Below is a listing; retype exactly the lines between the one containing "2014 DAF XF" and the one containing "Ferrari F40 (黑）-細節圖3", inclusive, minus the pictures.

START RECORDS FOR THE TASK

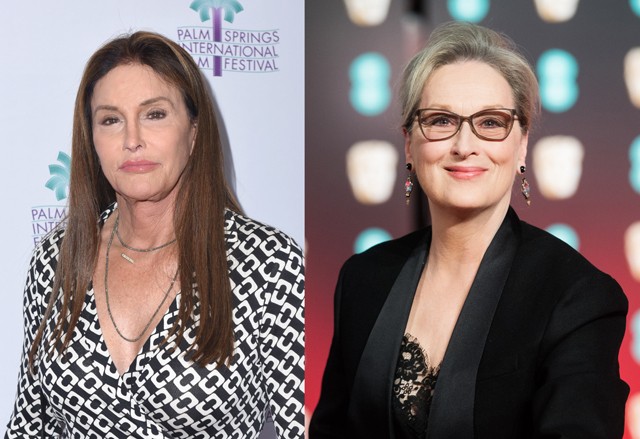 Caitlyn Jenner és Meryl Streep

END RECORDS FOR THE TASK
START RECORDS FOR THE TASK

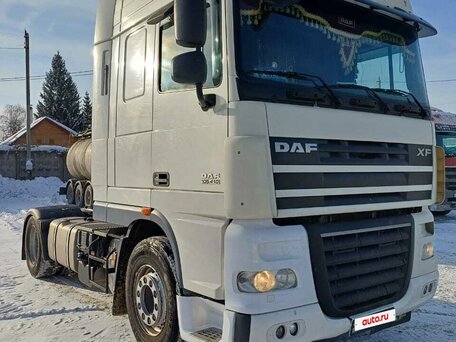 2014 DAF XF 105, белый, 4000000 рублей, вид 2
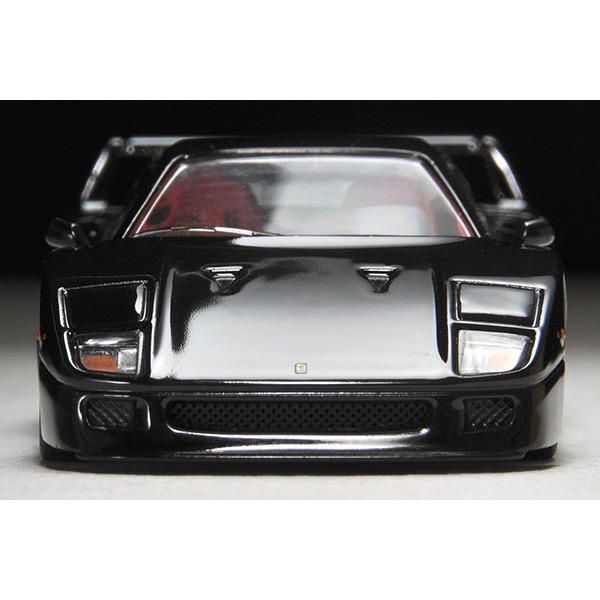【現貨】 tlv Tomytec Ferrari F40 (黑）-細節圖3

END RECORDS FOR THE TASK

:: SOLUTION TO THIS TASK ::
 2014 DAF XF 105, белый, 4000000 рублей, вид 2
【現貨】 tlv Tomytec Ferrari F40 (黑）-細節圖3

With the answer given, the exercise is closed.